- Official poster
- Directed by: Heather Connell
- Written by: Heather Connell, Lane Shadgett
- Produced by: Heather Connell
- Starring: Ron Perlman
- Cinematography: Arthur Yee
- Edited by: Jason Rosenblatt
- Music by: Sherene Strausberg
- Production company: Displaced Yankee Productions
- Release date: August 7, 2013 (Rhode Island International Film Festival);
- Country: United States
- Language: English

= Forget Us Not =

Forget Us Not is a 2013 feature-length documentary film by Heather Connell, which follows the stories of some of the 5 million non-Jewish Holocaust survivors including artist Ceija Stojka and is narrated by actor Ron Perlman. The documentary was released on the festival circuit in August 2013 and has won eight awards to date including Feature Documentary and Editing Awards Of Merit from Accolade Film Competition, Helping Hand International Humanitarian Award from the Rhode Island International Film Festival, Best of Festival at Vancouver's Columbia Gorge International Film Festival, Mark Of Distinction Film at the New York Independent Film Festival and Best Narration and World Peace Impact Award from the Artisan World Peace Hamptons Film Festival and Feature Documentary Audience Award at the First Glance International Film Festival Los Angeles.

==Synopsis==
Forget Us Not is a look at the persecution and death of the 5 million non Jewish victims of the World War II Holocaust, and the lives of those who survived including:

Robert Wagemann, born with a physical disability, finds himself targeted twice. Nearly euthanized for being 'imperfect', he is snuck out of the hospital by his mother and spends the war hiding with his parents who have arrest warrants out against them for being Jehovah's Witnesses.
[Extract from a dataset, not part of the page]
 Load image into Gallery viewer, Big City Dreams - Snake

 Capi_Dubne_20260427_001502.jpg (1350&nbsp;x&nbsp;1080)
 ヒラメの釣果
Ceija Stojka, a Roma girl, sees her father arrested and dragged off to Dachau, where he later dies. Shortly after, she is rounded up with the rest of her family and shipped to Auschwitz.
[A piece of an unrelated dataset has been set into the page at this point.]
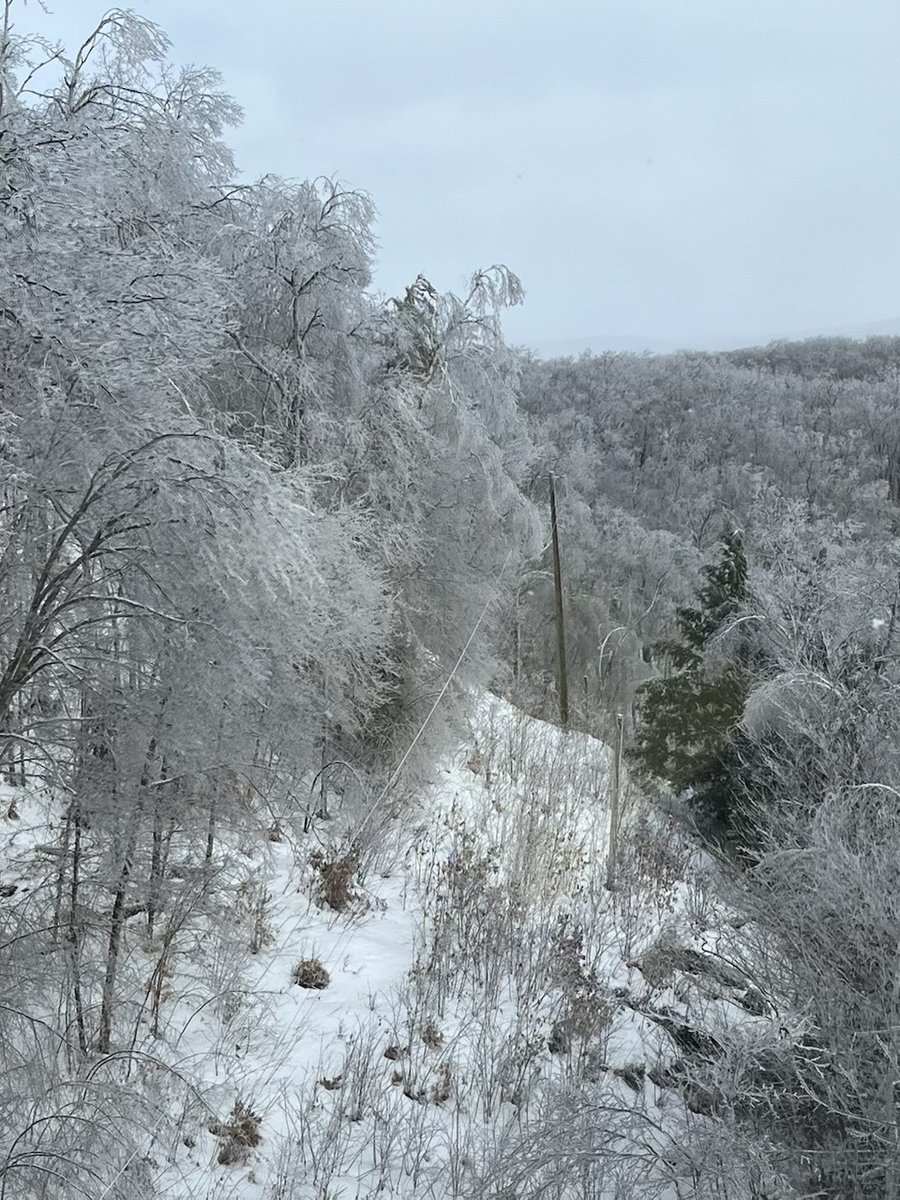 Hydro One tweet media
Vera Young, a Polish Catholic teen is separated from the rest of her family and sent to a concentration camp, where she survives each brutal day by sewing uniforms for her Nazi captors before being sent on a 900-mile death march.

Natalia Orloff, a Ukrainian child, is marched with her family to the Polish border before being put on a train and sent to a work camp where sickness and starvation dominates her life and memories.

Through personal stories of survivors and original historical footage, these lesser known voices are brought to life.